To zwalanie winy na Rosję - w ten sposób rosyjski minister spraw zagranicznych Siergiej Ławrow określił formułowane w Polsce sugestie, że za nielegalnie nagranymi rozmowami polskich polityków stoją rosyjskie służby specjalne. Donosi o tym Polska Agencja Prasowa.
Szefa polskiej dyplomacji określił mianem "realisty politycznego". W ten sposób odniósł się do treści jednej z podsłuchanych rozmów - Radosława Sikorskiego z byłym ministrem finansów Jackiem Rostowskim, w której szef MSZ wypowiedział się m.in. na temat polsko-amerykańskich relacji.
Ławrow zapytany, czy zgadza się z uwagami Sikorskiego na temat "natury wzajemnych stosunków między Polską i USA", odparł: "Nie zanurzałem się głęboko w materię relacji między Polską i Stanami Zjednoczonymi.
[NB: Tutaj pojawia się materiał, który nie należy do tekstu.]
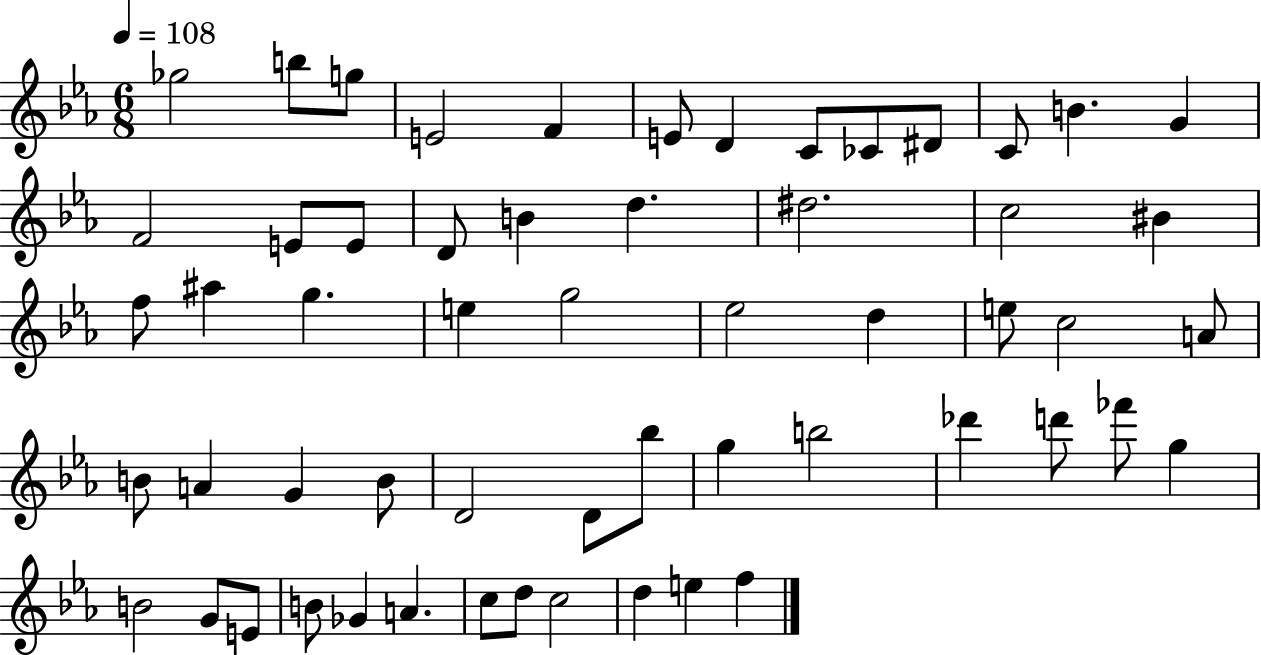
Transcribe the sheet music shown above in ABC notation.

X:1
T:Untitled
M:6/8
L:1/4
K:Eb
_g2 b/2 g/2 E2 F E/2 D C/2 _C/2 ^D/2 C/2 B G F2 E/2 E/2 D/2 B d ^d2 c2 ^B f/2 ^a g e g2 _e2 d e/2 c2 A/2 B/2 A G B/2 D2 D/2 _b/2 g b2 _d' d'/2 _f'/2 g B2 G/2 E/2 B/2 _G A c/2 d/2 c2 d e f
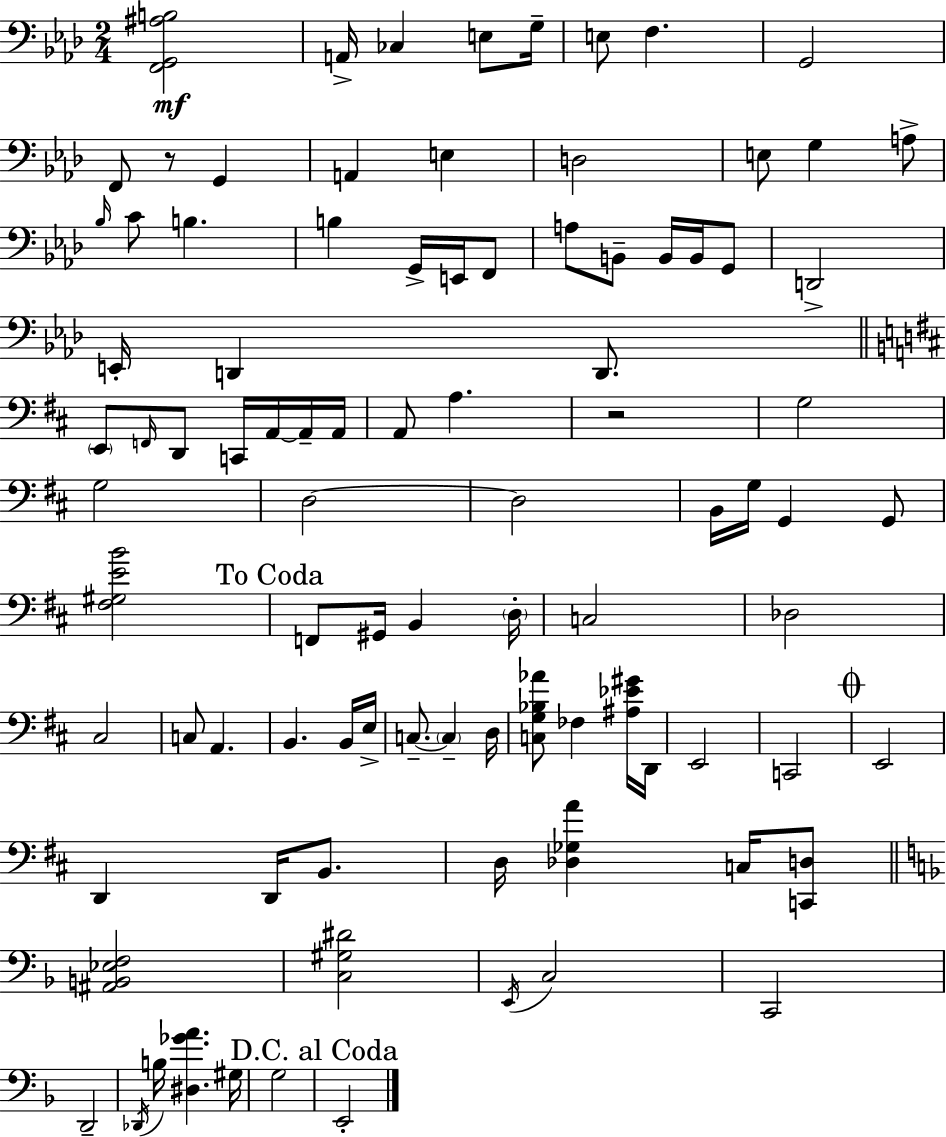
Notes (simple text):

[F2,G2,A#3,B3]/h A2/s CES3/q E3/e G3/s E3/e F3/q. G2/h F2/e R/e G2/q A2/q E3/q D3/h E3/e G3/q A3/e Bb3/s C4/e B3/q. B3/q G2/s E2/s F2/e A3/e B2/e B2/s B2/s G2/e D2/h E2/s D2/q D2/e. E2/e F2/s D2/e C2/s A2/s A2/s A2/s A2/e A3/q. R/h G3/h G3/h D3/h D3/h B2/s G3/s G2/q G2/e [F#3,G#3,E4,B4]/h F2/e G#2/s B2/q D3/s C3/h Db3/h C#3/h C3/e A2/q. B2/q. B2/s E3/s C3/e. C3/q D3/s [C3,G3,Bb3,Ab4]/e FES3/q [A#3,Eb4,G#4]/s D2/s E2/h C2/h E2/h D2/q D2/s B2/e. D3/s [Db3,Gb3,A4]/q C3/s [C2,D3]/e [A#2,B2,Eb3,F3]/h [C3,G#3,D#4]/h E2/s C3/h C2/h D2/h Db2/s B3/s [D#3,Gb4,A4]/q. G#3/s G3/h E2/h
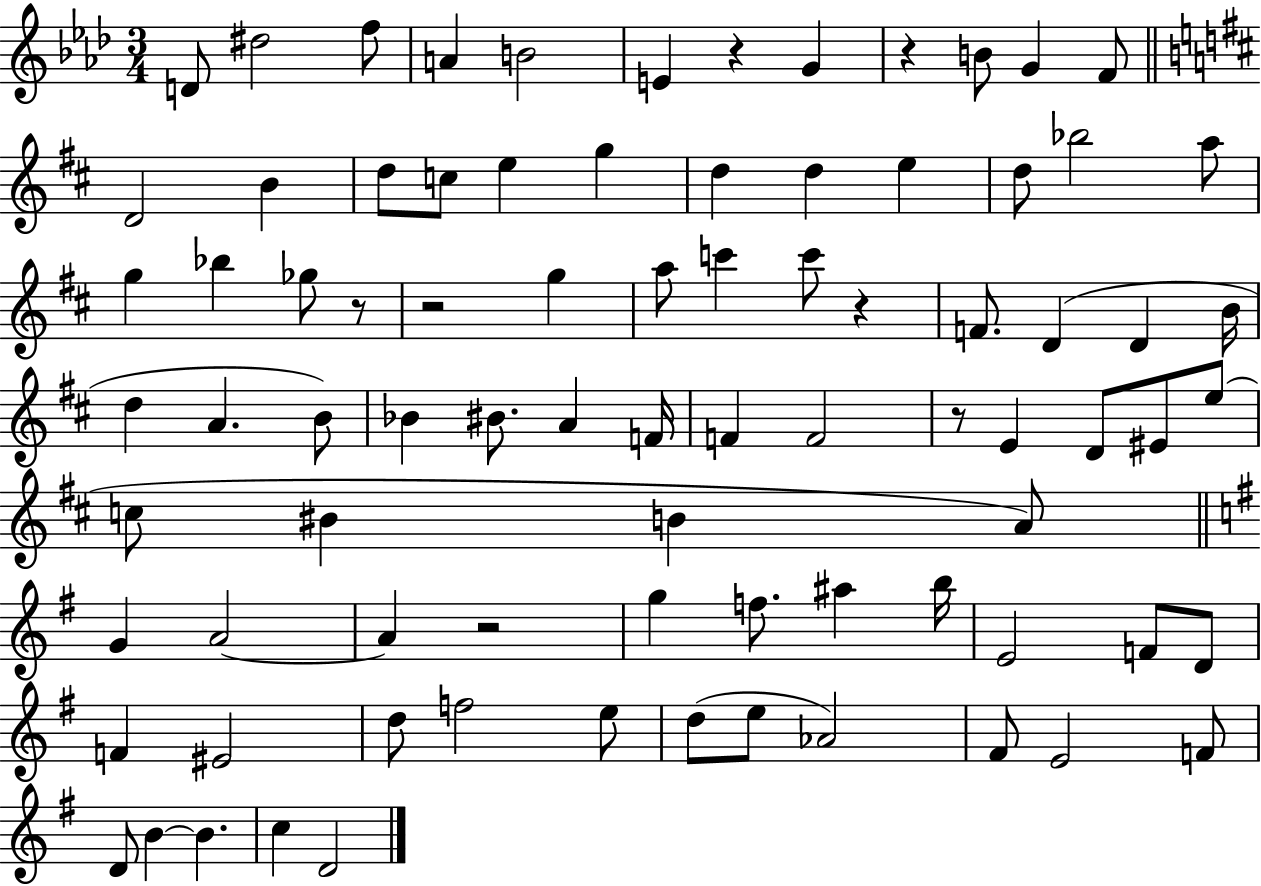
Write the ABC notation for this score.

X:1
T:Untitled
M:3/4
L:1/4
K:Ab
D/2 ^d2 f/2 A B2 E z G z B/2 G F/2 D2 B d/2 c/2 e g d d e d/2 _b2 a/2 g _b _g/2 z/2 z2 g a/2 c' c'/2 z F/2 D D B/4 d A B/2 _B ^B/2 A F/4 F F2 z/2 E D/2 ^E/2 e/2 c/2 ^B B A/2 G A2 A z2 g f/2 ^a b/4 E2 F/2 D/2 F ^E2 d/2 f2 e/2 d/2 e/2 _A2 ^F/2 E2 F/2 D/2 B B c D2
Nie mogę powiedzieć, jak tam wszystko konkretnie się odbywa".
Podsłuchane rozmowy polskich polityków opublikował tygodnik "Wprost". Dwa tygodnie temu gazeta ujawniła nagrania rozmowy ministra spraw wewnętrznych Bartłomieja Sienkiewicza z prezesem NBP Markiem Belką. Politycy dyskutowali o pomocy banku dla państwa w zamian za dymisję ministra finansów.
Z kolei kilka dni temu "Wprost" opublikował stenogramy rozmów Radosława Sikorskiego z Jackiem Rostowskim, a także wiceministra środowiska i szefa zachodniopomorskiej Platformy Obywatelskiej Stanisława Gawłowskiego z biznesmenem Piotrem Wawrzynowiczem.